*** RECORDS SHOWN
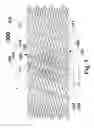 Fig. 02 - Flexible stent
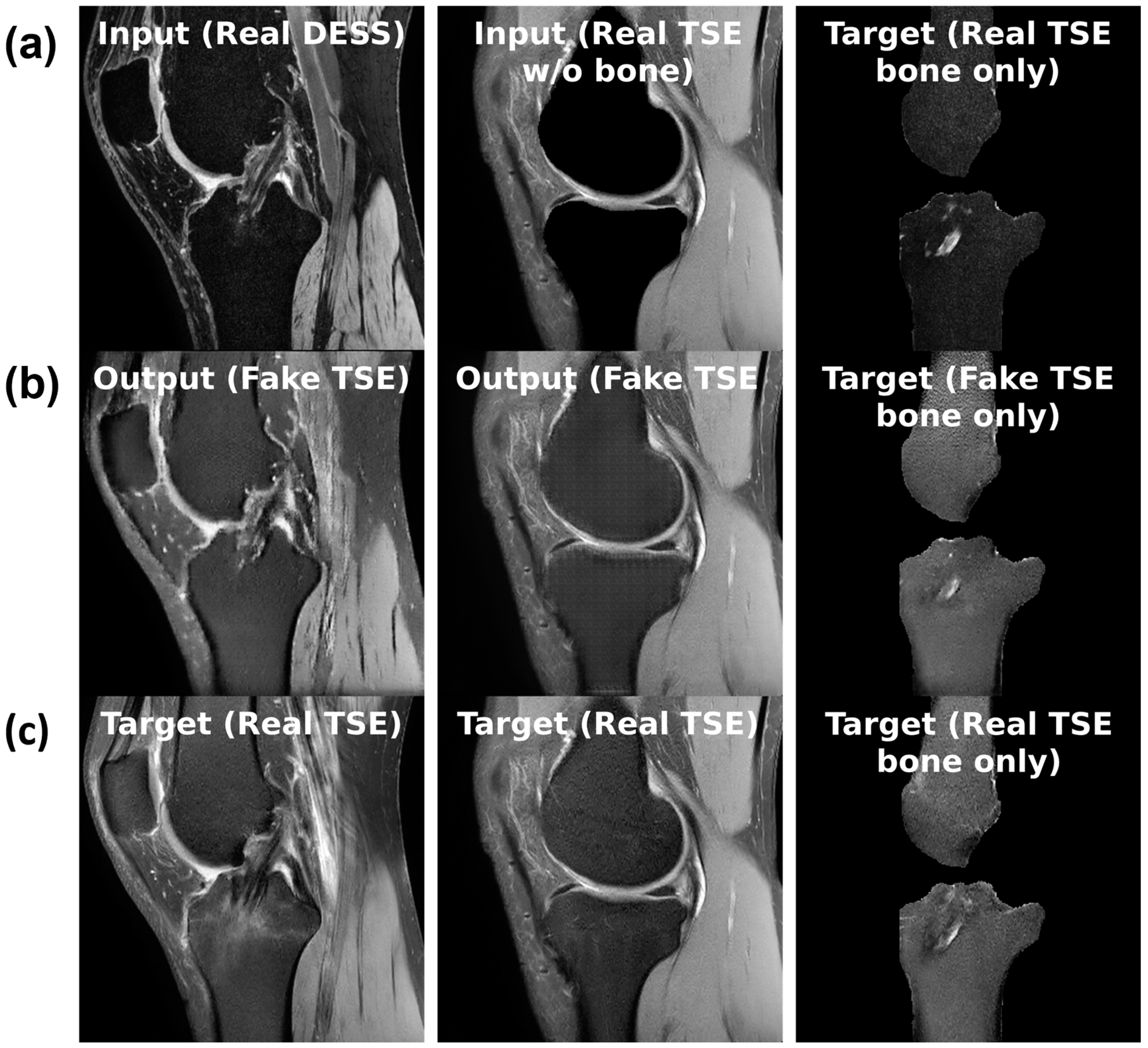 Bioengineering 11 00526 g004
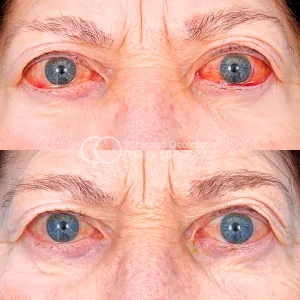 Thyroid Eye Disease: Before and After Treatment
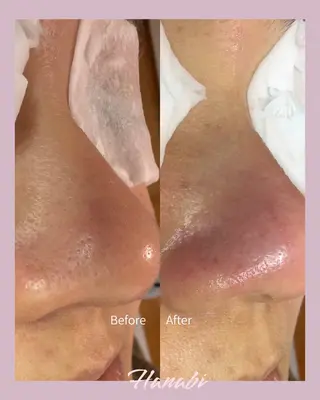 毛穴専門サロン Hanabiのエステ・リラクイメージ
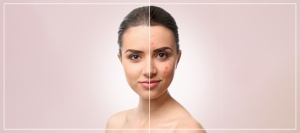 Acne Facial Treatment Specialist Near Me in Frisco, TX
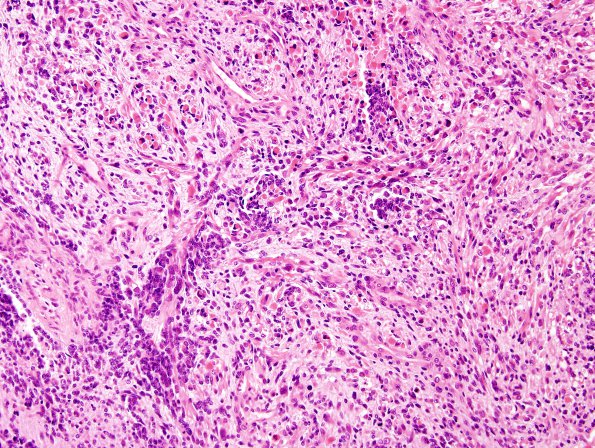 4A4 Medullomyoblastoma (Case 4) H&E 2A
******
*** RECORDS SHOWN
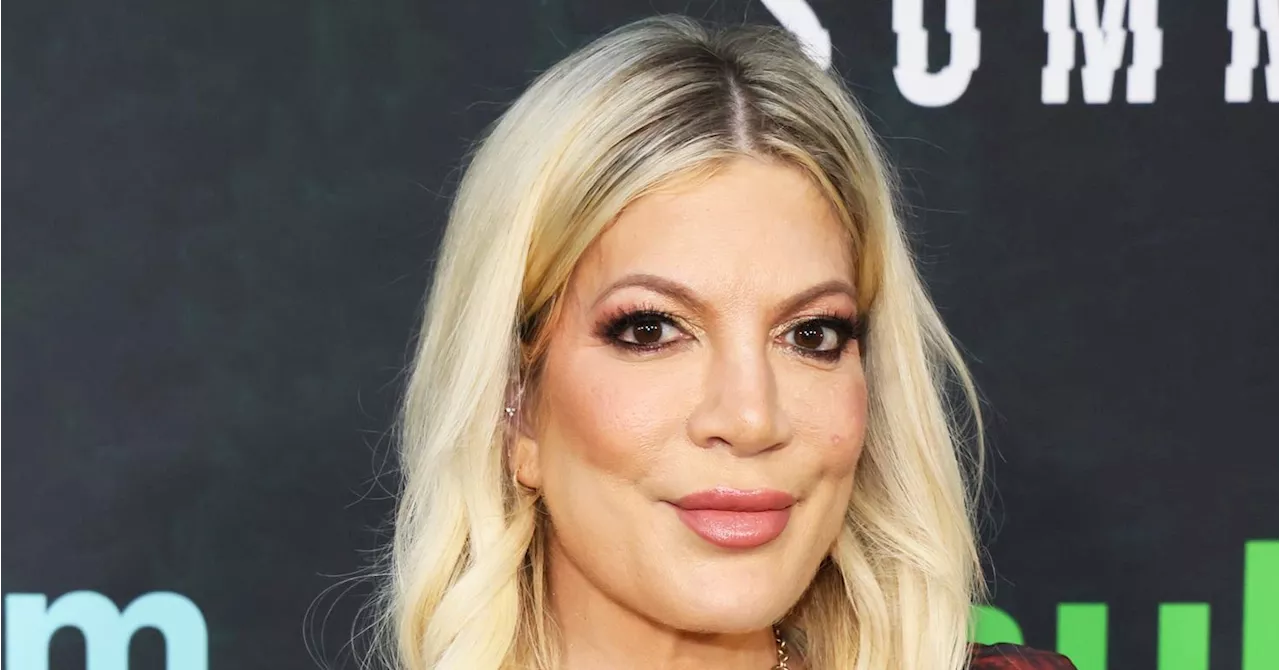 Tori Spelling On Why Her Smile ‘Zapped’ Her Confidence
******
-- TASK GOAL --
Within the listing above, the lines from the one with "Bioengineering 11 00526 g004" through the one with "4A4 Medullomyoblastoma (Case 4) H&E 2A" are to be given again word for word. Do not include pictures.

-- ANSWER TO THIS PROBLEM --
 Bioengineering 11 00526 g004
 Thyroid Eye Disease: Before and After Treatment
 毛穴専門サロン Hanabiのエステ・リラクイメージ
 Acne Facial Treatment Specialist Near Me in Frisco, TX
 4A4 Medullomyoblastoma (Case 4) H&E 2A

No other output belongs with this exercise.